**WHAT IS NEEDED:** Each line from the one with "Item preview, Ménage" through the final line of the entries below must be printed exactly, and the pictures must not be.

Captioned web image data:
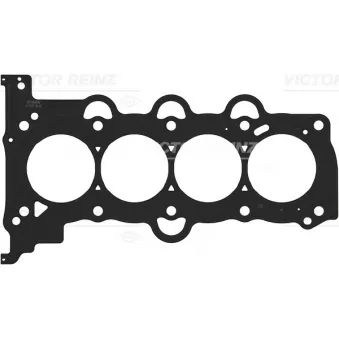 Joint d'étanchéité, culasse VICTOR REINZ 61-22555-00 pour KIA CEED 1.6 GT - 204cv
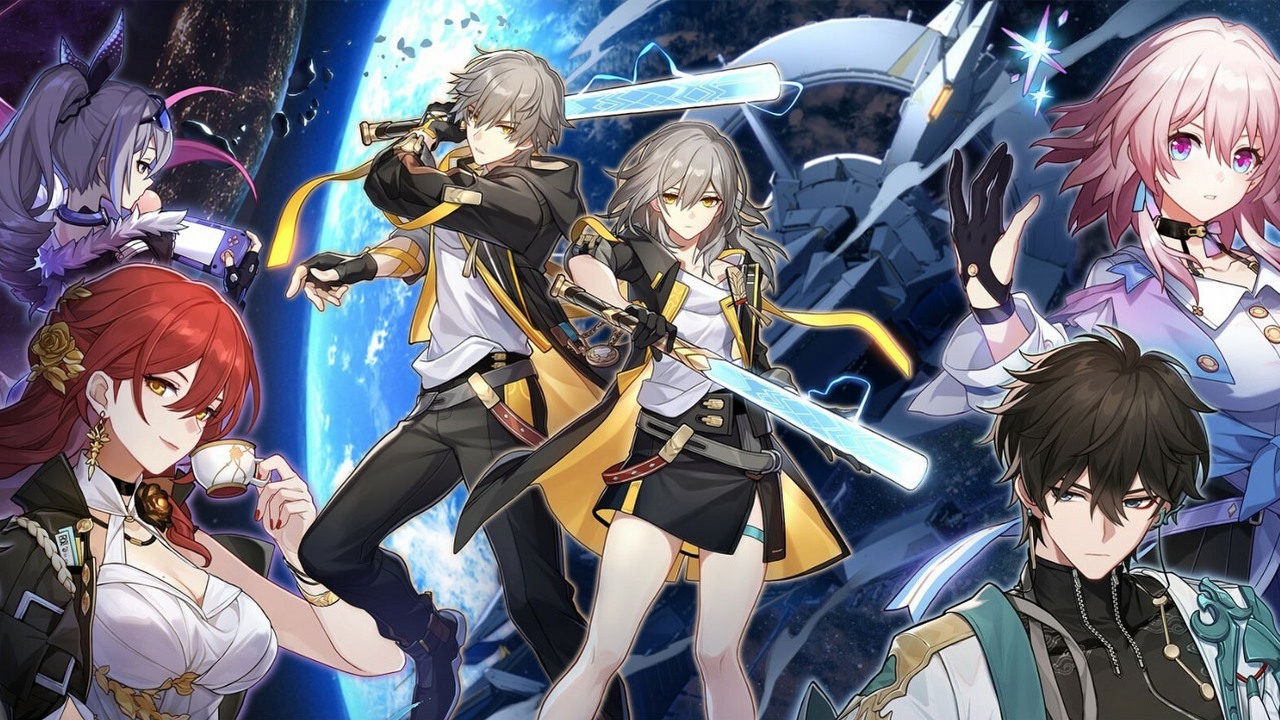 Darmowe strategiczne RPG Honkai już dostępne na PC [Aktualizacja], źródło grafiki: HoYoverse.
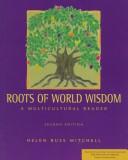 Roots of world wisdom a multicultural reader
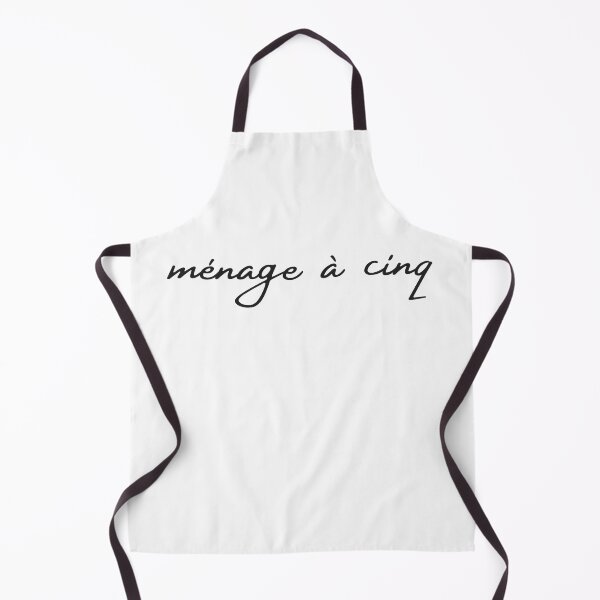 Item preview, Ménage à cinq designed and sold by UNK-Fatigues.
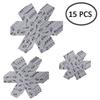 Stove and Pan Protectors, Pan Protectors - 3 Sizes (38cm, 35cm,26cm) - 15pc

**OUTPUT FOR THIS EXERCISE:**
 Item preview, Ménage à cinq designed and sold by UNK-Fatigues.
 Stove and Pan Protectors, Pan Protectors - 3 Sizes (38cm, 35cm,26cm) - 15pc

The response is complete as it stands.